Slashdot Mirror


Leaked Benchmarks Suggest Intel Will Drop Hyperthreading From Core i7 Chips (arstechnica.com)

According to leaked benchmarks found in the SiSoft Sandra database, there is an Intel Core i7-9700K processor that doesn't appear to have hyperthreading available. "This increases the core count from the current six cores in the 8th generation Coffee Lake parts to eight cores, but, even though it's an i7 chip, it doesn't appear to have hyperthreading available," reports Ars Technica. "It's base clock speed is 3.6GHz, peak turbo is 4.9GHz, and it has 12MB cache. The price is expected to be around the same $350 level as the current top-end i7s." From the report: For the chip that will sit above the i7-9700K in the product lineup, Intel is extending the use of its i9 branding, initially reserved for the X-series High-End Desktop Platform. The i9-9900K will be an eight-core, 16-thread processor. This bumps the cache up to 16MB and the peak turbo up to 5GHz -- and the price up to an expected $450. Below the i7s will be i5s with six cores and six threads and below them, i3s with four cores and four threads. Even without hyperthreading, the new i7s should be faster than old i7s. A part with eight cores is going to be faster than the four-core/eight-thread chips of a couple of generations ago and should in general also be faster than the six-core/12-thread 8th generation chips. Peak clock speeds are pushed slightly higher than they were for the 8th generation chips, too.

2 of 199 comments (clear)

  1. Never been a fan of hyperthreading by InvalidsYnc · · Score: 5, Interesting

    I've always seen them as "pseudo" cpu's, and not been all that happy with them overall. Yeah, some workloads benefit from it just fine, but others get tanked, but you'll never know because it just looks like those CPU's are flying along (according to task mangler or whatever).

    Anyway, glad to see that there will be some parts out there that people can choose to buy that don't have it.

    1. Re:Never been a fan of hyperthreading by gman003 · · Score: 5, Interesting

      A lot of them, actually.

      A modern "core" has several "execution units". Unlike very early x86, where it was divided between ALU and FPU, these are divided more finely and evenly - one might do integer math, vector shifts, and branches, while another might do integer math, vector logic, and data stores. There's usually redundancy on common instruction types (eg. Haswell has three that can do address stores, but only one can do divides).

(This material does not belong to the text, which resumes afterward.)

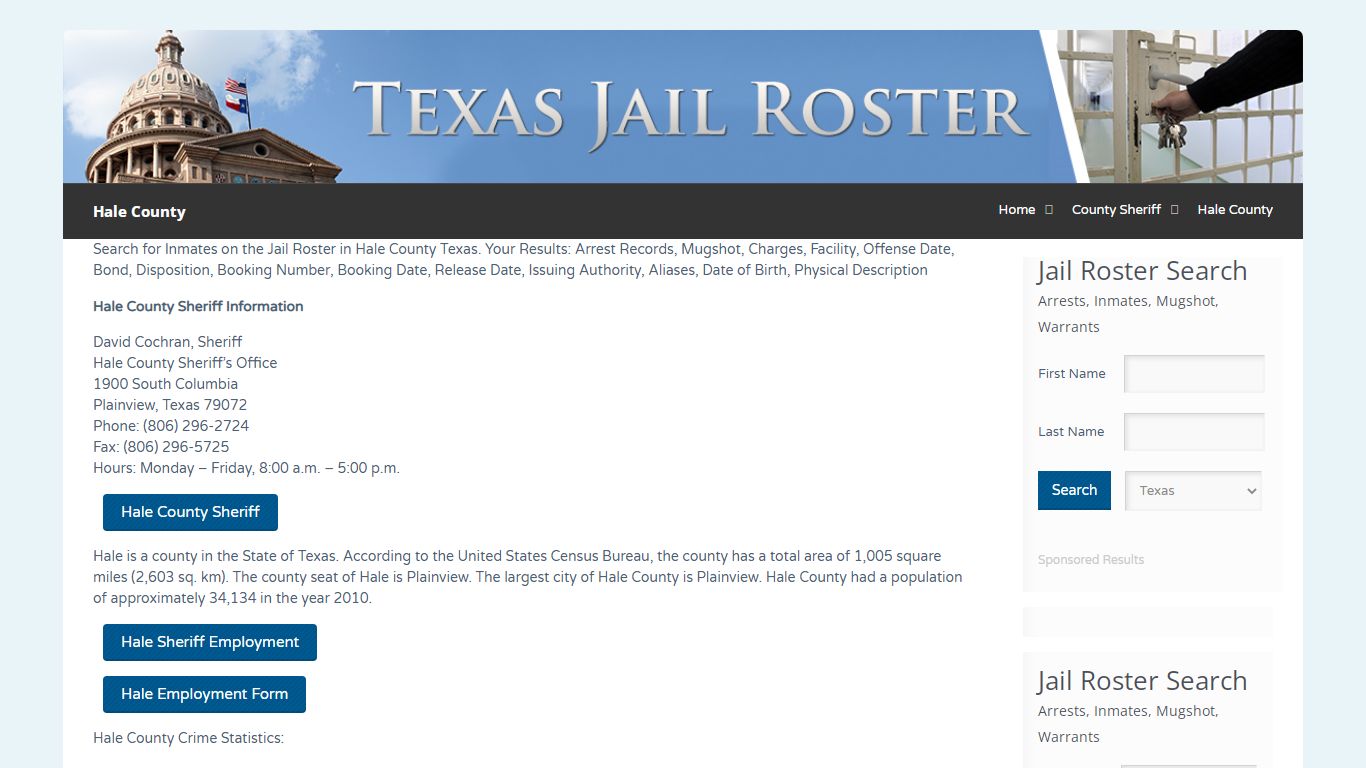 Hale County | Jail Roster Search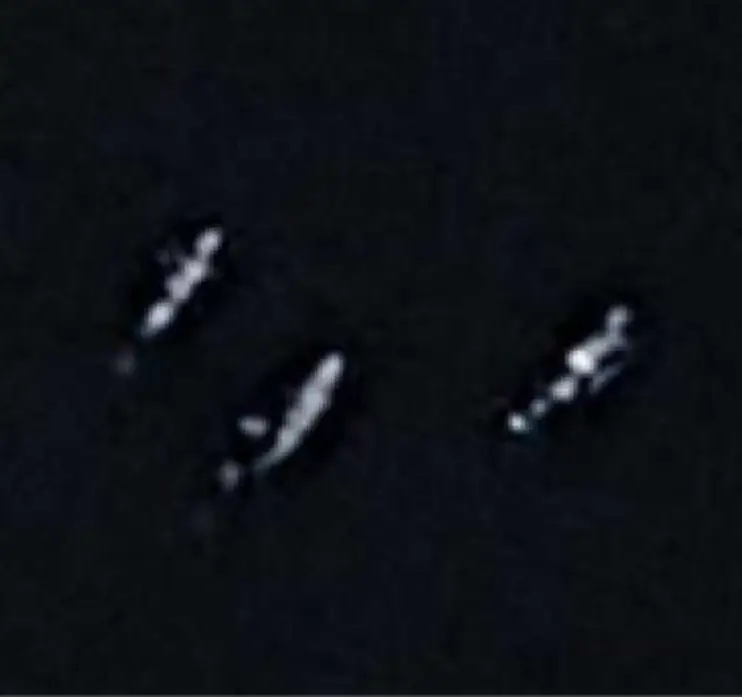 The objects were a 'family of Nessies' said the woman responsible for reported them (Google Earth)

      In a single thread, this is used for superscalar execution. If you have code something like "a = b / c; d = e * f;", both instructions can be run in parallel since neither depends on the other. This also hides the cost of x86's more complicated addressing modes - computing the address gets dispatched to an execution unit just like a normal multiply/add, and the result just gets sent to the store unit.

      But sometimes a thread has lots of dependencies, or does mainly a single type of operation. Maybe it's crunching through a bunch of multiply-adds. Rather than let the remainder of the core sit idle, you can run another thread, or even another process, on it. If this second one mainly hits a different EU - say, it's doing a lot of shifting and bit-twiddling - you can get a 100% speedup.

      You rarely get so much of a boost in practice. A worker-thread type of program, splitting a parallel task across cores, will generally be using the same execution units in each thread. And SMT doesn't help if you're bottlenecked on something besides execution - well-optimized code, as often as not, is limited by memory throughput rather than execution.

      The other boost comes from covering memory latency. If one thread hits a load that isn't in L1 cache, it will stall while the load is served. If it's in L2 cache, that's not too long - a dozen cycles or so. If you're going out to main memory, you're looking at a few hundred, maybe a few thousand cycles of NOPs - so why not switch to another thread, that has all it's data in L1 cache already? Modern x86 processors have pretty low memory latency compared to other architectures, so two threads is generally the most you'd find useful for this, but other systems with harsher memory latency will go even wider - the latter-day SPARCs do eight threads per core, and some parts of a GPU will operate in the hundreds. This is why some non-superscalar architectures will still have multiple threads per core - it's only ever actually running one instruction, but it will rarely be running zero.